The global ICON Ensemble at DWD

Speakers: Michael Denhard and Cristina Primo (DWD, Germany)

Abstract

Since October 2015 DWD runs an experimental ICON ensemble suite with 40 members and approx. 40km horizontal resolution on the global scale up to +168h lead time twice a day (00/12UTC). The global grid contains a 20km two-way nested area over Europe. The ensemble is initialized by analyses from our ensemble data assimilation system (ICON EDA) which is a combination of a Local Ensemble Transform Kalman Filter (LETKF) with a hybrid ensemble/3D-Var variational system for the high-resolution deterministic model. At the time there is no stochastic physics implemented and the error growth properties of the ensemble are determined by the diverse co-variance inflation techniques in the LETKF such as multiplicative inflation factors, relaxation to the prior and stochastic SST perturbations.  Moreover, the static NMC Background error co-variances are added to the flow dependent ensemble co-variances to rescale the innovations. In the first part we show verification results for the ICON-EPS forecasts in comparison to the ECMWF-EPS and analyze the spread skill relation for both ensembles. The second part introduces techniques for predicting the error growth properties along trajectories in the state space of a model. We use the "Broyden family" methods to iterate a Broyden matrix in state space of the Lorenz63 and 95 models. During iteration the Broyden matrix gains information on the error growth properties of the dynamical system. We discuss, if the information in the Broyden matrices along a trajectory can be used as an approximation of the singular vector approach.

11 January
at 10:30

Room: LT

How good (or bad) is the circulation of the stratosphere and mesosphere in the IFS?

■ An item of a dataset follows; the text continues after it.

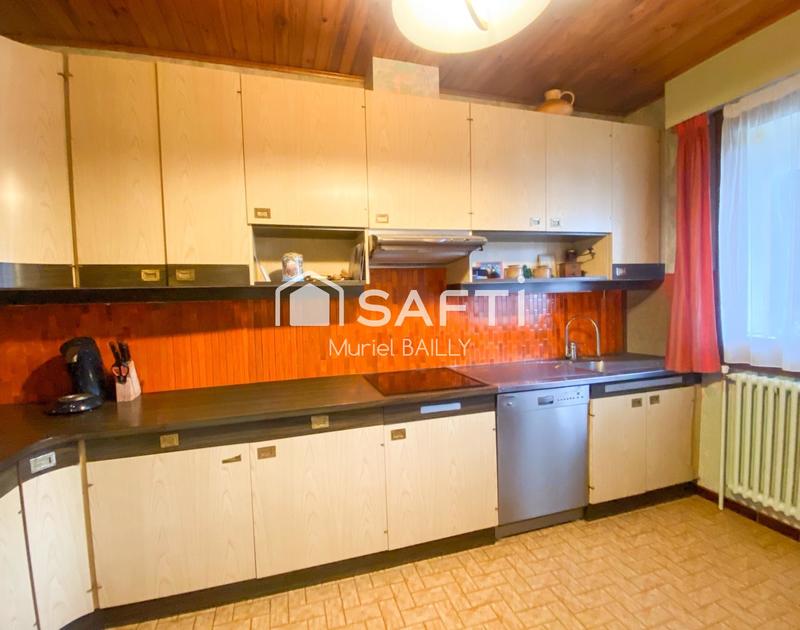 Maison - 120 m² - 5 pièces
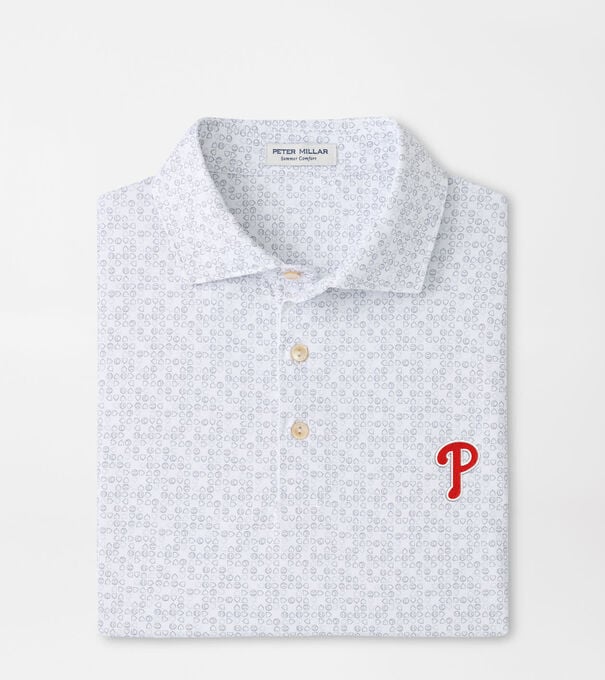 Philadelphia Phillies Bases Loaded Performance Jersey Polo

Speaker: Inna Polichtchouk (University of Reading, UK)

Abstract

Accurate representation of the stratospheric circulation is important for tropospheric predictability on intraseasonal timescales, because of the downward influence of the stratosphere on the troposphere.  The “downward control” principle states that the stratospheric Brewer Dobson circulation (BDC) is primarily driven by the wave breaking/saturation aloft. Thus, the stratospheric circulation in turn depends on the representation of the mesospheric momentum budget. This talk reviews the state of the middle atmosphere in the IFS, with a focus on the BDC and the semi-annual oscillation. I will compare the middle-atmosphere circulation to reference datasets and assess the impact of 1) the parametrized non-orographic gravity wave drag; 2) treatment of the sponge layer; 3) the cubic octahedral discretization; and, 4) stochastic physics.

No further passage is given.